Hi Frank-Rene, and welcome. Comments below.

I prepared a PEP and was wondering what your thoughts are about it:

PEP: <pep number>
Title: ``isimmutable(Obj)`` and/or ``ImmutableNester`` [...]
* Python-Version: 2.7.1

That won't do. Python 2.7 is in maintenance mode, it will not gain any
new functionality. There won't be a Python 2.8 either. If you want to
propose new functionality, it will have to go into 3.5. (You've missed
the opportunity for 3.4, since "feature-freeze" is only weeks away.)

General Idea
============

A built-in function 'isimmutable()' shall tell efficiently whether the
object of concern is mutable or not. That is it must reflect on the
whole object tree whether it contains mutable elements or not. For
example, in the code fragment

This has been proposed before. It has failed because there is no way to
tell in general whether an arbitrary object is immutable or not. If you
only look at the common built-in types, it is quite trivial, e.g.:

- int, str, bytes, float, frozenset, bool, None are immutable;
- list, dict, set are not immutable;
- tuple is immutable if all of its elements are immutable.

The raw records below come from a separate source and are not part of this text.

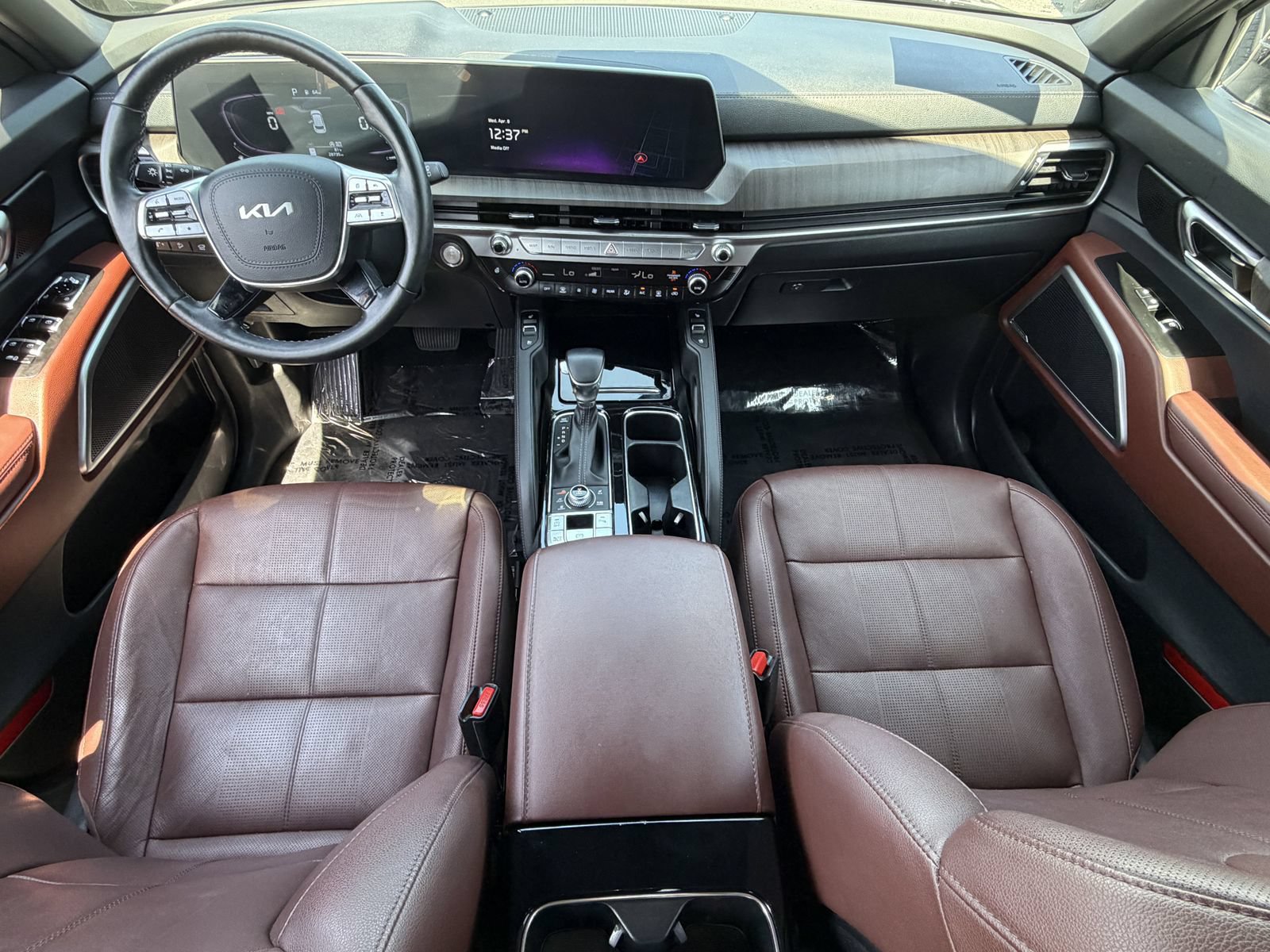 Used 2023 Kia Telluride EX w/ EX Captain's Chair Package AWD/4WD image 27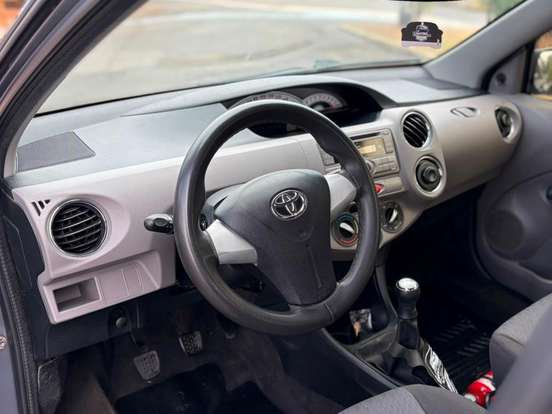 TOYOTA-ETIOS-1.5 XLS 16V FLEX 4P MANUAL TOYOTA-ETIOS-2013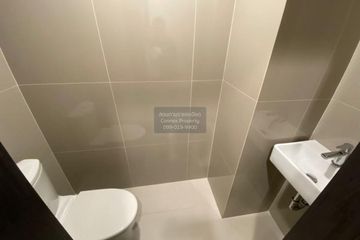 1 Bedroom Condo for rent in XT Huaikhwang, Din Daeng, Bangkok near MRT Huai Khwang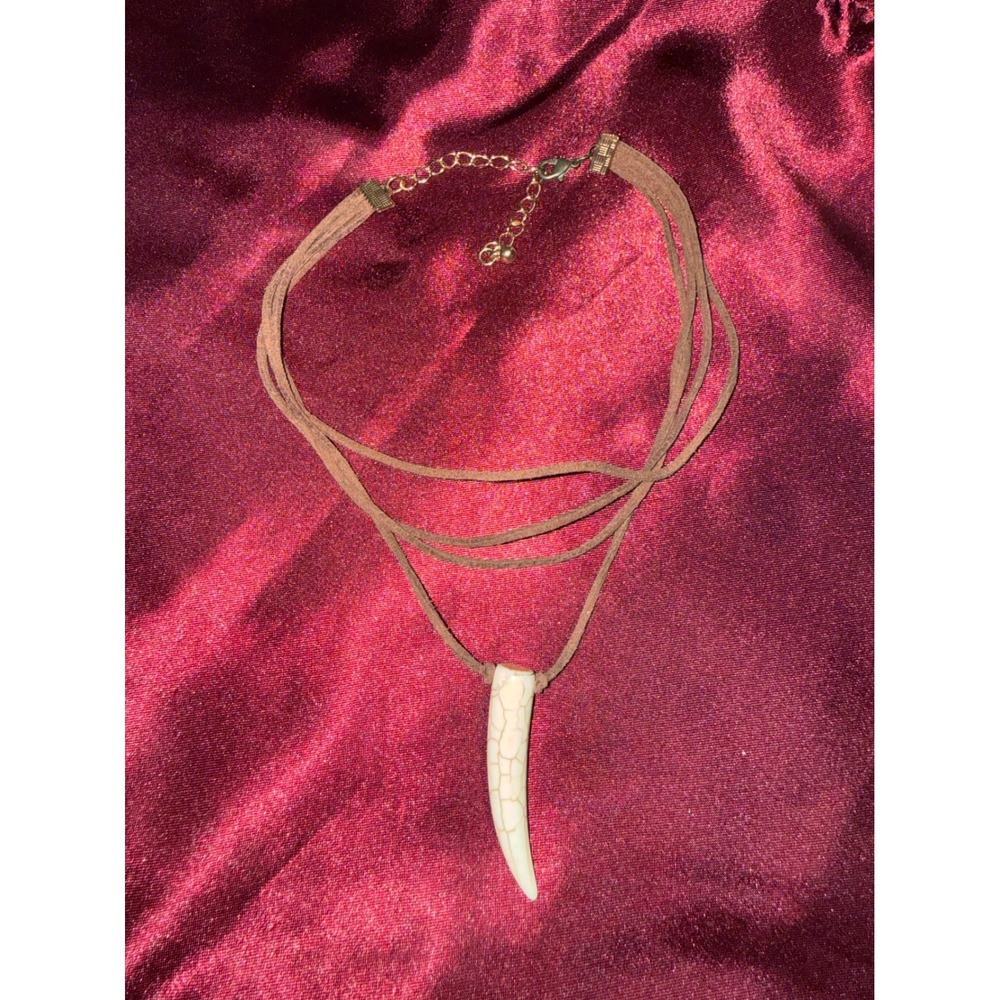 Boho Multi Strand Faux Suede Cord‎ Necklace Cream Horn Tooth Pendant Brown Gold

But as soon as you allow arbitrary objects, you're in trouble. How do you
tell whether an object is immutable?

I recommend that you start by writing a reference implementation:

def isimmutable(obj):
... # ?

Some obvious thoughts:

- It is not enough to include a big list of immutable classes:

# don't do this
if isinstance(obj, (float, int, frozenset, ...)):
return True

because that list will never be complete and can become out-of-date.

- You could try writing to the object (how?), and if it succeeds,
you know it is mutable. But if it fails, that might just mean
that you haven't tried writing to it in the correct manner.

- But if the obj is mutable, you've just mutated it. That's bad.

- You can try hashing the object:

hash(obj)

If that fails, then the object *might as well* be mutable, since
you can't use it in sets or as dict keys. But if that's all
isimmutable() does, why not just call hash(obj) directly?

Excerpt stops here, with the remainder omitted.